▶ _HOW TO COMPLETE THIS TASK_:
The expected answer comprises all lines from the entries that contain the string "цвітіння".

*** PROVIDED DATA

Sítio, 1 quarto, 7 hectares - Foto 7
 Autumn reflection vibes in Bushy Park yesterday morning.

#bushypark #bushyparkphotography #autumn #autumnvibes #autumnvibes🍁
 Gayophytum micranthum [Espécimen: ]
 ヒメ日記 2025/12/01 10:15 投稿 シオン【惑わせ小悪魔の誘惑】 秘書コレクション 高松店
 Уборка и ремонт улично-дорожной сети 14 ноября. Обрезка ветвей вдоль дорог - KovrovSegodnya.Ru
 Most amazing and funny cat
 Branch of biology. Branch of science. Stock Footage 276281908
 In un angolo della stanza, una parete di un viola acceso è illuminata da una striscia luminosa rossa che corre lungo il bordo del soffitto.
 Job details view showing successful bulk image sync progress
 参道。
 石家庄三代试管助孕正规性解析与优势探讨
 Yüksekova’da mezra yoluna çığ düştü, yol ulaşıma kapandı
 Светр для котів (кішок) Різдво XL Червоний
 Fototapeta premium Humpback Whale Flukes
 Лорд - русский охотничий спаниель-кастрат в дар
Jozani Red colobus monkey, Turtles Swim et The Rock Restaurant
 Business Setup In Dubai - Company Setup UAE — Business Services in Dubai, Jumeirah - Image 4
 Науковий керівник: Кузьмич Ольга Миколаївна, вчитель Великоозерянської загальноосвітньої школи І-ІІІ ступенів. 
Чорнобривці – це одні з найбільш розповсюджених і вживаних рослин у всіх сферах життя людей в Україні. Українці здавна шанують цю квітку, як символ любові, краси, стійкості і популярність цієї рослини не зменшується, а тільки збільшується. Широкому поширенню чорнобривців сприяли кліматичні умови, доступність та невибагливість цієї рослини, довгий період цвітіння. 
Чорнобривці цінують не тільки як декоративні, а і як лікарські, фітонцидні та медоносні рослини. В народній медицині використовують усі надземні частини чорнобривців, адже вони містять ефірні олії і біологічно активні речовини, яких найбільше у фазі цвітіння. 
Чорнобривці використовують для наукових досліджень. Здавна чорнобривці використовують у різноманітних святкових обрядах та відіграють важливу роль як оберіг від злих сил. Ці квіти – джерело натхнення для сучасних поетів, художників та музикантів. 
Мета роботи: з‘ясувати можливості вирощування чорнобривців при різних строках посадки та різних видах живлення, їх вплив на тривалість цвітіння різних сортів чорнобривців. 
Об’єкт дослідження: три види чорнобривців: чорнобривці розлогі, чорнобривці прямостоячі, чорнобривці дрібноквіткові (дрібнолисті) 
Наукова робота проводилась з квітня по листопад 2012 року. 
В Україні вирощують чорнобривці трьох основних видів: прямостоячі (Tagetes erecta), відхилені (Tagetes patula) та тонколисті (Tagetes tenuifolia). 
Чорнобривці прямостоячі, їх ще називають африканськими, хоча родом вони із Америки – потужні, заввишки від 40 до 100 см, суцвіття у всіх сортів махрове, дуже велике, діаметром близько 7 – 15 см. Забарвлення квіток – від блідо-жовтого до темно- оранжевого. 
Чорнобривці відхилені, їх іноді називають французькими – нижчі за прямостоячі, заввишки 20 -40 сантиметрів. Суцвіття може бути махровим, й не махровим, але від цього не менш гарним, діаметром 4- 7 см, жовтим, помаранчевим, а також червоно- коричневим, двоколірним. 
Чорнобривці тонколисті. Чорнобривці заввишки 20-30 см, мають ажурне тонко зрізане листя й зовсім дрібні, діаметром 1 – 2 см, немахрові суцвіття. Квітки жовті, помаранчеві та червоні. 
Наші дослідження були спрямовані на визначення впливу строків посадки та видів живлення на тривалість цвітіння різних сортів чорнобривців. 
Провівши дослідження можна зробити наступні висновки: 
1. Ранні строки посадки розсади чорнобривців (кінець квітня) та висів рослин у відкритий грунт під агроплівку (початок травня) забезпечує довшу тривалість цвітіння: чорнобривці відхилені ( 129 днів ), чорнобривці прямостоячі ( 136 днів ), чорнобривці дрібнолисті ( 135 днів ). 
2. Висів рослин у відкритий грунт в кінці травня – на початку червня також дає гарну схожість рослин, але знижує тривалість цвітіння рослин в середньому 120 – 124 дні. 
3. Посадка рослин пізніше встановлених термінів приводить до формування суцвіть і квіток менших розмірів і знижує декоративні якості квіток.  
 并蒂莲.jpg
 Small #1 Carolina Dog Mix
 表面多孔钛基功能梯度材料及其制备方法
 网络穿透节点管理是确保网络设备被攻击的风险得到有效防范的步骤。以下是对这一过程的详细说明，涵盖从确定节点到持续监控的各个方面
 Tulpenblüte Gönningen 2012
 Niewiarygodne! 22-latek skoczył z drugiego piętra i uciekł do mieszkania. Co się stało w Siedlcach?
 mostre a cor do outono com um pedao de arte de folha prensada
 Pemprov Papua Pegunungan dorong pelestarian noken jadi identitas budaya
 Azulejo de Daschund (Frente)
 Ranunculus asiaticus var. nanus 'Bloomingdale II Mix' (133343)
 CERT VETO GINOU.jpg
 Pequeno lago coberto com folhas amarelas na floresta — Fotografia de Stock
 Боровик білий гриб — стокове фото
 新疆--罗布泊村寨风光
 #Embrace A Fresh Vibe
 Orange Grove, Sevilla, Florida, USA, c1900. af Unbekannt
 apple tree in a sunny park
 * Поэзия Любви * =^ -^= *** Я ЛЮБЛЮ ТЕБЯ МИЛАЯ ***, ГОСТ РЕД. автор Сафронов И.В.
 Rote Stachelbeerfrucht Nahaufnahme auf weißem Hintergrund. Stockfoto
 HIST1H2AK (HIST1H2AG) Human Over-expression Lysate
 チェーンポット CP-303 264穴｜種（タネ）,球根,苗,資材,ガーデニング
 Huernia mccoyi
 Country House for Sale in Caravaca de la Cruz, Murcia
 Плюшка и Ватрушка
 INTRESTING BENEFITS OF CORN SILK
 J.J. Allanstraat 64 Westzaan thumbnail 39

******

▶ _WORKED SOLUTION_:
Чорнобривці – це одні з найбільш розповсюджених і вживаних рослин у всіх сферах життя людей в Україні. Українці здавна шанують цю квітку, як символ любові, краси, стійкості і популярність цієї рослини не зменшується, а тільки збільшується. Широкому поширенню чорнобривців сприяли кліматичні умови, доступність та невибагливість цієї рослини, довгий період цвітіння. 
Чорнобривці цінують не тільки як декоративні, а і як лікарські, фітонцидні та медоносні рослини. В народній медицині використовують усі надземні частини чорнобривців, адже вони містять ефірні олії і біологічно активні речовини, яких найбільше у фазі цвітіння. 
Мета роботи: з‘ясувати можливості вирощування чорнобривців при різних строках посадки та різних видах живлення, їх вплив на тривалість цвітіння різних сортів чорнобривців. 
Наші дослідження були спрямовані на визначення впливу строків посадки та видів живлення на тривалість цвітіння різних сортів чорнобривців. 
1. Ранні строки посадки розсади чорнобривців (кінець квітня) та висів рослин у відкритий грунт під агроплівку (початок травня) забезпечує довшу тривалість цвітіння: чорнобривці відхилені ( 129 днів ), чорнобривці прямостоячі ( 136 днів ), чорнобривці дрібнолисті ( 135 днів ). 
2. Висів рослин у відкритий грунт в кінці травня – на початку червня також дає гарну схожість рослин, але знижує тривалість цвітіння рослин в середньому 120 – 124 дні. 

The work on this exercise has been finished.